Information supplied:
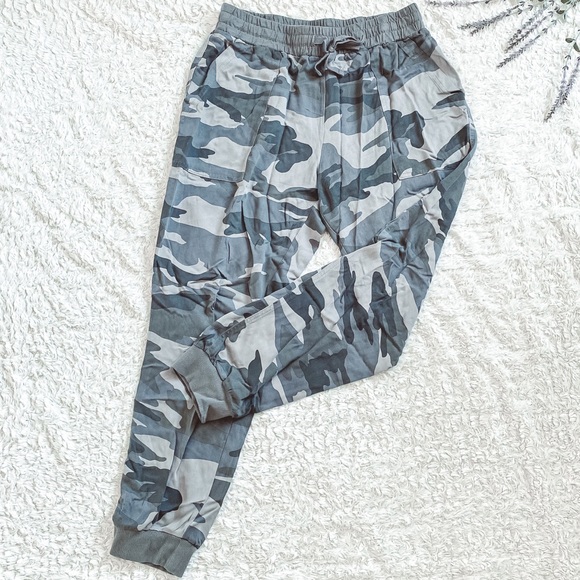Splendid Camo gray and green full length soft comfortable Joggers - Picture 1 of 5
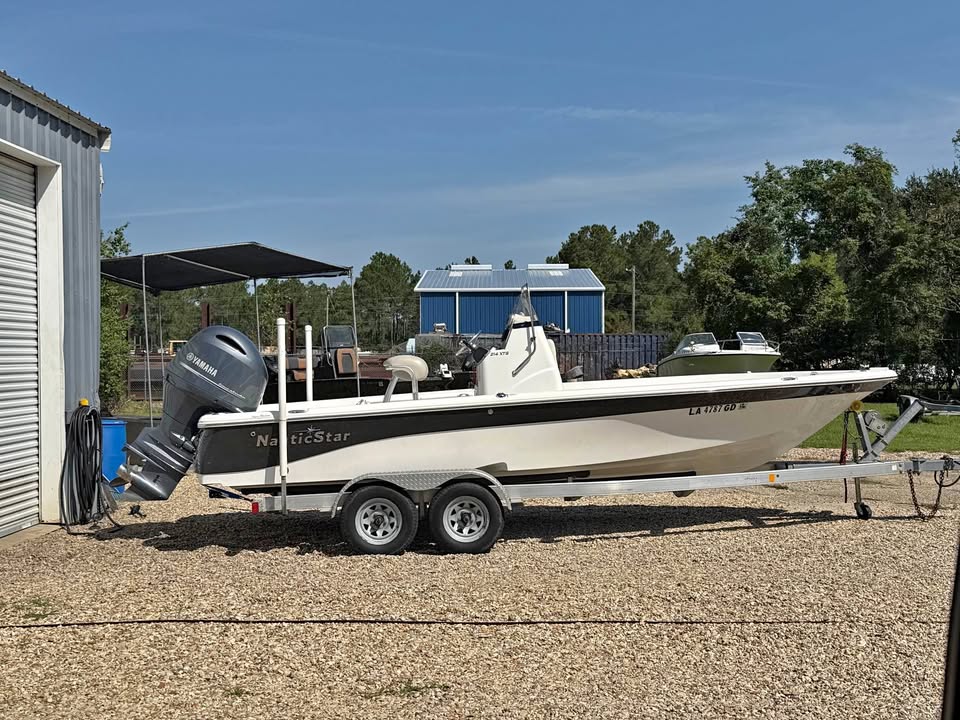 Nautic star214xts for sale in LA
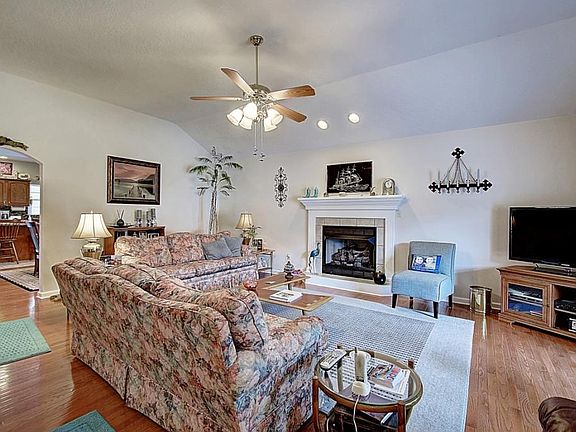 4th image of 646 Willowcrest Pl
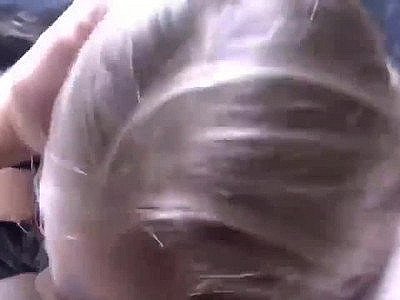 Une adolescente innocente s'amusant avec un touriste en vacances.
---
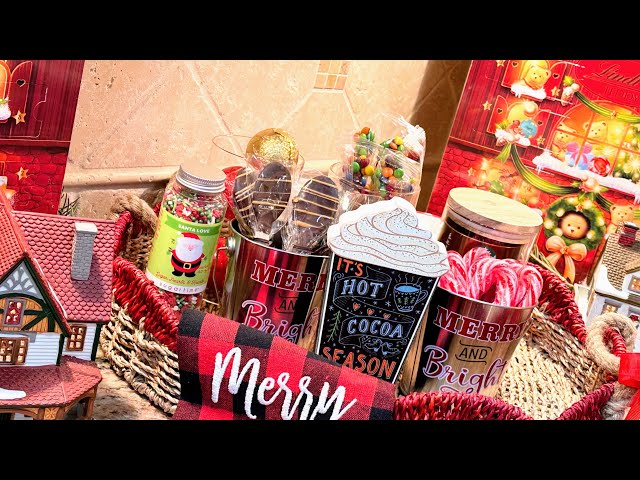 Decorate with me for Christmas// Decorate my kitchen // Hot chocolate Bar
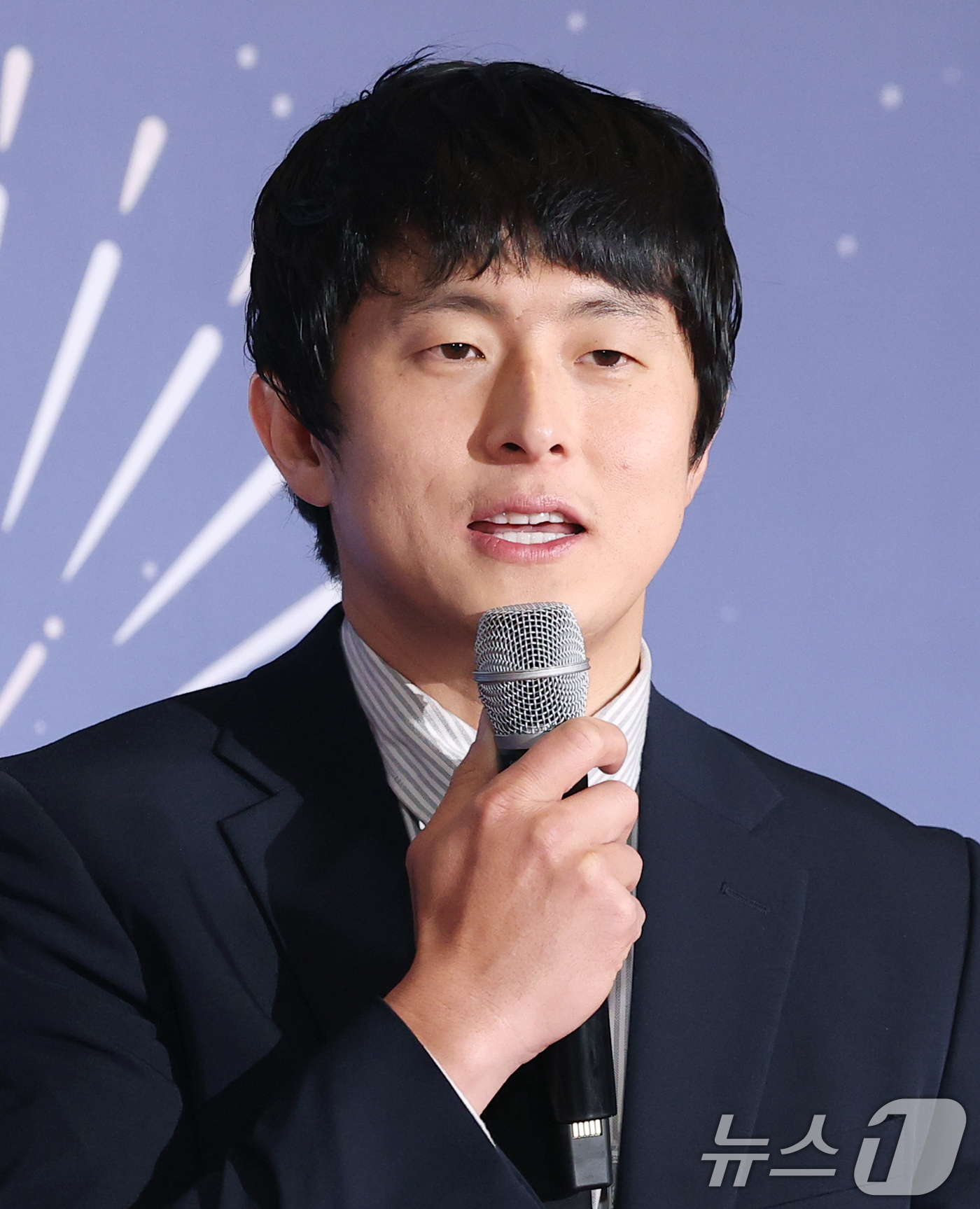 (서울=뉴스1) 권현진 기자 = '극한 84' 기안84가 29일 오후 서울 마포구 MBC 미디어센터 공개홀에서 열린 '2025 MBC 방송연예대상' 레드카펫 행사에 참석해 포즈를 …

How to complete this task: Pictures aside, return exactly the lines from the data above, starting at the line that has "Nautic star214xts for sale in LA" and ending at the line that has "Une adolescente innocente", both included.

Response to the task:
 Nautic star214xts for sale in LA
 4th image of 646 Willowcrest Pl
 Une adolescente innocente s'amusant avec un touriste en vacances.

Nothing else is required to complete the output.